CNEWA

ONE Magazine

The official publication of
Catholic Near East Welfare Association

Celebrating 50 years | God • World • Human Family • Church

Stories of Grace:
Sister Diana Momeka and Martha Schmouny Clinic

The expulsion of Iraqi Christians from their homes across the Nineveh Plain last August turned upside down the worlds of tens of thousands of people.

Dominican Sister Diana Momeka and Syriac Catholic Father Behnam Benoka, both of whom have earned doctorates, found themselves in lines of work they had never imagined — starting and managing crucial health services for the displaced population in its new city of refuge: Erbil, Iraqi Kurdistan.

Just as the lives of Sister Diana and Father Benoka took a radical turn, so, too, did those of the displaced Christians whom they serve. All had to flee home abruptly, arriving in Erbil with no money, medicine or shelter. Soon, diseases related to the squalor in which they found themselves began to crop up and spread.

“People came with fever, dehydration, diarrhea,” says Sister Diana. “They were sleeping on the ground with no tents in the beginning. After some days they got tents, but there was no clean water, and so no proper bathing. Diseases like scabies started to increase.” It became clear some sort of health service was essential, and thus was the Martha Schmouny Clinic born — first in tents donated by French charity SOS Chrétiens d’Orient, and later transformed into a cluster of three prefabricated containers donated by CNEWA.

As time has passed, and the reality of the Christians’ displacement has become more and more entrenched, the Martha Schmouny Clinic has continued to grow, its capacity and range of services expanding to provide a better safety net for the vulnerable community.

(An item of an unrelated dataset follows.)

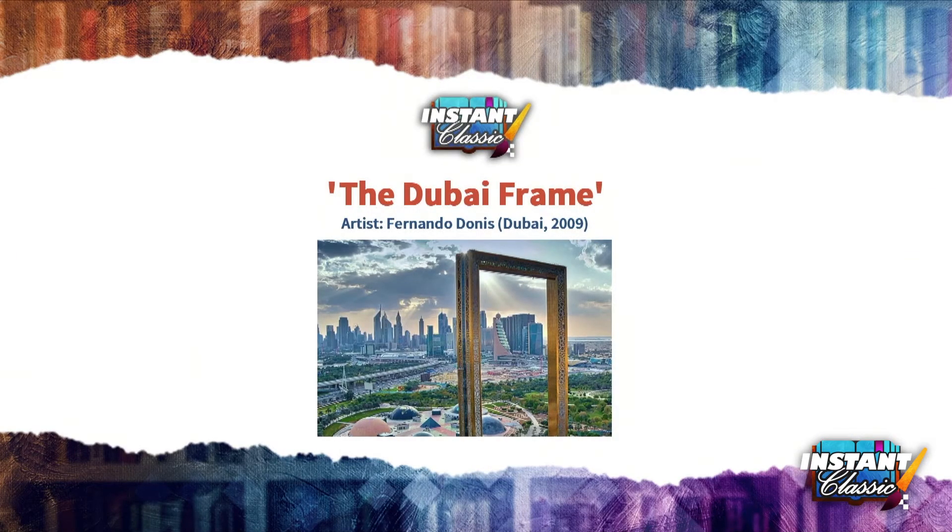It's time for some real education. The Dubai Frame is an architectural landmark in Zabeel Park, Dubai, dubbed as the biggest picture frame on the planet. And if you see it, I could see why they would dub it that.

“We often talk about the role of the Holy Spirit in our work,” Sister Diana said as she made her way to the clinic early one recent morning. “We started the clinic like a small grain of yeast and now it has steadily increased like dough.”

In the past seven months, Martha Schmouny — through the dedication of its volunteer staff and the generosity of its donors, which include CNEWA and its funding partners in Europe, especially Misereor, as well as Samaritan’s Purse and the Mennonite Central Committee — has managed to expand from being an overwhelmed, improvised clinic to a solid complex of facilities resembling a basic hospital. In December, the clinic moved from the grounds of St. Joseph’s Church in the Christian district of Ain Kawa to Ashti, a part of town to which displaced Christians were being relocated.

On a recent morning, Sister Diana walked through Martha Schmouny, greeting volunteer workers and patients alike. By around 9, a steady line had taken shape at the registration cabin, a unit that sits in the middle of a courtyard formed by other prefabricated units. From the registration cabin, patients are dispatched to the appropriate health departments, which are housed in the surrounding units. Services at Martha Schmouny Clinic now include general medicine, gynecology, pediatrics, dental care and lab testing.

In one cabin, a woman reclines as a doctor applies gel to her protruding belly in preparation for an ultrasound scan. In another, a young man opens his mouth wide in anticipation of a filling. Children clamor around the pediatrician’s cabin, awaiting their turn.

Once treated and issued with a prescription, patients finally file to a cabin housing the pharmacy to collect their medication. The entire process, from registration to medicine distribution to follow-up is free of charge for the displaced community and the cost is entirely shouldered by the associations supporting the clinic.

All around the clinic are rows and rows of prefabricated housing units. These “new camps” are where the Iraqi Christians were moved from the tents they had lived in during the initial displacement. With each passing day, new families arrive, upgraded from more destitute accommodation elsewhere in Erbil. In the past few weeks, some 600 families arrived, more than doubling the displaced population in Ashti.

The result for the clinic, which serves some 220 people a day with a volunteer staff of 40, is a sharp growth in demand for its services. The current operational budget works out at about $40,000 per month, but this is not enough to keep up with the rapid growth of camps around the clinic.

“Sometimes I panic,” says Sister Diana, “I feel so stressed and I think, ‘How are we going to continue?’ And yet, when I check my emails, I see an organization or a friend has written to me saying, ‘I would like to donate,’ or ‘How can I help?’ This is a miracle.”